Tuesday, March 21, 2017

Creeping Garden, The (2014)

Directors: Tim Grabham, Jasper Sharp


Now that Arrow Academy has expanded their reach to the US borders, it has certainly opened up what we are planning to cover on Blood Brothers. For their latest release, The Creeping Garden, we are further digging into new territory by covering a documentary. If memory serves, we have only covered one other documentary on the site (although that might be a lie) and going into The Creeping Garden was not necessarily an event that I was “excited” for per se. The Creeping Garden, however, had me engrossed almost immediately. Perhaps one of the issues I have always had when I watch documentaries is that they are on a subject matter I am normally interested in or already have a background for reference, but the focus on slime mold for this one most certainly had me perplexed, engaged, and questioning so much that I couldn’t pull my eyes away from the film. And it's executed in a way to make sure that the audience is left hanging on the edge of something to keep them interested in a topic that normally would make an audience snooze off. Talk about a surprise for the year.
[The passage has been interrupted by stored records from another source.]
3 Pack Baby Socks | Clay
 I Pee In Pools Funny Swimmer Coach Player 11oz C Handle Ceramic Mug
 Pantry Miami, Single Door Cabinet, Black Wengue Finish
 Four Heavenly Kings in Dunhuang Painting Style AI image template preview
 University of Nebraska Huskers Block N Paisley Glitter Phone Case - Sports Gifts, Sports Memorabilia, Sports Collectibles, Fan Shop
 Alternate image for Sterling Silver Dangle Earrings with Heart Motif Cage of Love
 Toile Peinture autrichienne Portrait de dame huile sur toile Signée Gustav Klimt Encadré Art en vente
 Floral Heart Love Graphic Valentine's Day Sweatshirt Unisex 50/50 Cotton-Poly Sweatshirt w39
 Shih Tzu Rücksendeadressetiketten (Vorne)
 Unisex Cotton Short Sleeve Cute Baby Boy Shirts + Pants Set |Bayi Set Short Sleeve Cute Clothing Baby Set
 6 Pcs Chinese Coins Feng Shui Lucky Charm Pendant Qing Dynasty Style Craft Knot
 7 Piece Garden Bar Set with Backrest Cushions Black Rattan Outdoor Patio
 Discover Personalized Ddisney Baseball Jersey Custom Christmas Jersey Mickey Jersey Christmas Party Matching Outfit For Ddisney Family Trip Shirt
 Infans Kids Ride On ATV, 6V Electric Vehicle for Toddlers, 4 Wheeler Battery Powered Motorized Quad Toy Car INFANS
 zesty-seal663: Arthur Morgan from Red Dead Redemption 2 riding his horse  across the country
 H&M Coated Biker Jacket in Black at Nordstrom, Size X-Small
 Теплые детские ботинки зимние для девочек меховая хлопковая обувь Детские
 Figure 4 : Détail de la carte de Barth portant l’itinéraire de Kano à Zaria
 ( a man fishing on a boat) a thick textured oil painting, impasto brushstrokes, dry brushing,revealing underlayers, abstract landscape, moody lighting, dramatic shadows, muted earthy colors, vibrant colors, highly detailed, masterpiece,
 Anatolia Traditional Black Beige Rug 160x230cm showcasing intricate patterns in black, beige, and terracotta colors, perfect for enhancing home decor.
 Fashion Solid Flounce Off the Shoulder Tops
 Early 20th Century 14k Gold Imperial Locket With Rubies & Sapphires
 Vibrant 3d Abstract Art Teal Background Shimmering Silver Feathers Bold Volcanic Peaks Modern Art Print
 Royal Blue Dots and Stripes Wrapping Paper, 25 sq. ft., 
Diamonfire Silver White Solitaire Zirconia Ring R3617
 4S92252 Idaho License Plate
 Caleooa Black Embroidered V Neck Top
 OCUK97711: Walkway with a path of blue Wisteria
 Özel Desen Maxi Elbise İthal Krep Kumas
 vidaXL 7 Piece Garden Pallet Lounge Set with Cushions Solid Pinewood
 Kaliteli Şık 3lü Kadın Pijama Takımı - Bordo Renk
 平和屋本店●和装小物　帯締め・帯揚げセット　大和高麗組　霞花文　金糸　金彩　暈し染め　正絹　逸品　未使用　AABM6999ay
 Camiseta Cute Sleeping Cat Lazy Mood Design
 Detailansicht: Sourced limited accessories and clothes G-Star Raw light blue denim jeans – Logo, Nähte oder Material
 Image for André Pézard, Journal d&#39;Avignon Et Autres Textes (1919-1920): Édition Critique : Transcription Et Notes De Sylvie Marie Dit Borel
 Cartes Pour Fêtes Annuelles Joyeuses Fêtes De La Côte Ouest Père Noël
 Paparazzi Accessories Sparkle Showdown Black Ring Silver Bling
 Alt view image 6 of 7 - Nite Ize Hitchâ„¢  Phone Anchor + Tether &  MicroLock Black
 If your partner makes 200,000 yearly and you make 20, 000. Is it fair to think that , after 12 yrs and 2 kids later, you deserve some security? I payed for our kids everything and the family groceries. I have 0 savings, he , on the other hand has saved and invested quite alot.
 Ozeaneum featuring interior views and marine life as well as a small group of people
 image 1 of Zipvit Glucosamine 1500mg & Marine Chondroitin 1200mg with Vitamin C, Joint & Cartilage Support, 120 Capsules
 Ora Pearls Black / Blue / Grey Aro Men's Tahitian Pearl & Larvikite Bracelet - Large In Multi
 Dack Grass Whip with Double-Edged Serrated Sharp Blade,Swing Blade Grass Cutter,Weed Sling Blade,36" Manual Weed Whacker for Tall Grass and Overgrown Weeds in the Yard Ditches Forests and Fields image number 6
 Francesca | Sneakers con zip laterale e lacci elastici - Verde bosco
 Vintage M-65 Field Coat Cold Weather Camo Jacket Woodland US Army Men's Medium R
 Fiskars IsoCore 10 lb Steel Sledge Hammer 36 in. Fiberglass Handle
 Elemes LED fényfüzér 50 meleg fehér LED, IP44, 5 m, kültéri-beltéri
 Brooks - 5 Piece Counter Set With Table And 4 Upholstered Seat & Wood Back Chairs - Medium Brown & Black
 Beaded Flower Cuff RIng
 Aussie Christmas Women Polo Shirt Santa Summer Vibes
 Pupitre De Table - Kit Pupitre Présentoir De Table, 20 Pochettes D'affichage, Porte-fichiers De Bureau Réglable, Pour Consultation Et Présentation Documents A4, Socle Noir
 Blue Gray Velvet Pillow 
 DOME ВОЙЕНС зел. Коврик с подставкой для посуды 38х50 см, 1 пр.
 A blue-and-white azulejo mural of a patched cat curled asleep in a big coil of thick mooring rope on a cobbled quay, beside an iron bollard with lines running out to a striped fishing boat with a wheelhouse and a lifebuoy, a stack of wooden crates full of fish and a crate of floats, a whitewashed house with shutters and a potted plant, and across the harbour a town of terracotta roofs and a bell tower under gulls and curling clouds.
It's coming to get you, Barbara.
For someone like me, unfamiliar with the topic and perhaps only mildly intrigued by it when going into it, The Creeping Garden does the best thing it could do to introduce its audience to the topic. It presents it as a mystery. While the film is split into various categories, smartly might I add but more on that in a second, it starts it off with an old telecast indicating the sort of science fiction concept that slime molds present themselves as to the greater community. From there it barrages the viewer with a series of strange video and photos of the subject matter, a strange and atmospheric score, and a build that borderlines on being a horror film. At times I was wondering if I was actually going to be watching some kind of mock documentary on a new version of Invasion of the Body Snatchers instead of a real documentary on a piece of nature. That’s most certainly a compliment, if you’re wondering.

From there, The Creeping Garden navigates the subject matter in some interesting ways. It introduces slime mold, but then it moves around to the people and approaches they bring to looking at it which gives the film a shockingly effective human experience slant that works to keep the subject matter interesting. Whether it’s the woman who uses it to create art, slime mold's uses as a social experiment to better understand it, the office that collects it (and seem genuinely excited that someone else was interested in slime molds), or the scientists who are attempting to use technology to further experience with it – aka ROBOTS! - The Creeping Garden takes a clever approach to dissect and explore the understanding of a piece of nature that is often negated to a footnote in most school texts. This human side is perhaps even more interesting than the slime molds themselves and it makes the rest of this documentary as fascinating as the mystery that it initially presents.

You know you're curious what this pic has to do with slime mold.
I might have been cautious at first to understand why Arrow Academy was putting this film out, in a slick deluxe package that even includes the strange and ambient score of the film on CD, but after watching The Creeping Garden I get it. The use of the term ‘creative documentary’ is spot on in how the film is approached as such, lifting it above the usual science documentaries that find their way into my viewing queue and making it a unique cinema watching experience. For those looking for a different film to spend a bit of time on, The Creeping Garden comes highly recommended.